The corporate computing arena has been forever transformed by the rapid proliferation of new technologies and services, including big data, cloud computing and mobility. Although these trends have been highly beneficial in terms of operational efficiency, productivity and spend-management, they each come with a unique set of security requirements for organizations that are using them today.
Analysts have suggested that cloud computing can actually be used to refine and improve corporate security through the centralization of oversight procedures, but the vulnerabilities of this technology are just as important to remember. For one, the majority of cloud users leverage managed, hosted services for delivery purposes, meaning that data and network oversight responsibilities will be spread between the adopter and the vendor.
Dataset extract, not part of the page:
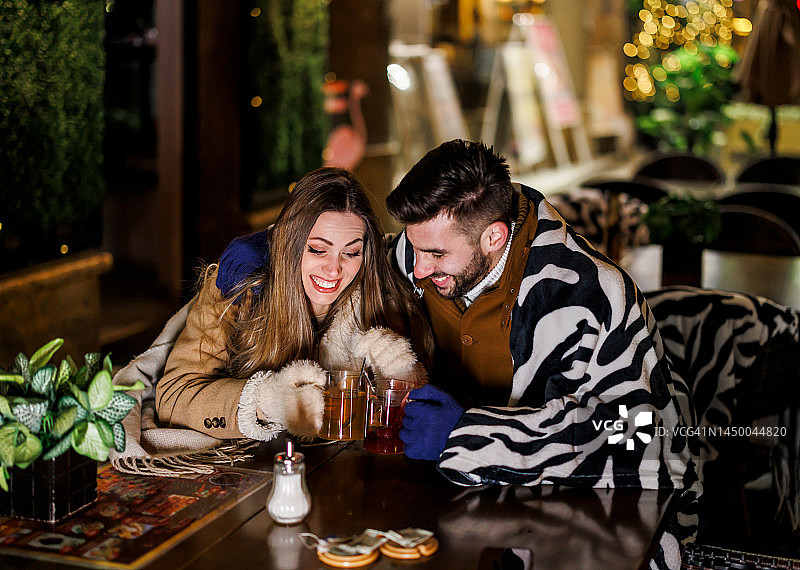 美丽时尚的情侣在一个寒冷的日子里坐在餐厅里喝热茶。图片素材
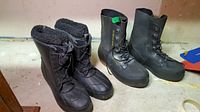 Two pairs of men's rubber boots: one insulated and lined for cold weather, the other plain black rubber lace-up boot.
The recent Omnibus Rule that was attached to the Health Information Portability and Accountability Act has direct implications for health care providers who are using cloud computing, while other statutes will govern HIPAA email and alternative technologies used for collaborative purposes. Regardless of which industry an organization might be competing in or what regulatory compliance statutes it must oblige, though, cloud deployments must be accompanied by refined and modernized security frameworks.
A real challenge
Wired Magazine recently reported that the Ponemon Institute has released a new study that sought to discover the breadth of new risks that can come with a cloud computing deployment. The research was backed by analytics and policy provider Netskope, and surveyed more than 600 IT professionals regarding their experiences with risk management following one or more cloud computing deployments.
According to the news provider, roughly 30 percent to 50 percent of all IT frameworks are either based in cloud computing or attached to the technology, while users are accessing the environments from upward of three unique devices each on average. The Ponemon Institute's Data Breach: The Cloud Multiplier Effect report revealed that 66 percent of respondents look at cloud computing deployments as hindrances to control and security.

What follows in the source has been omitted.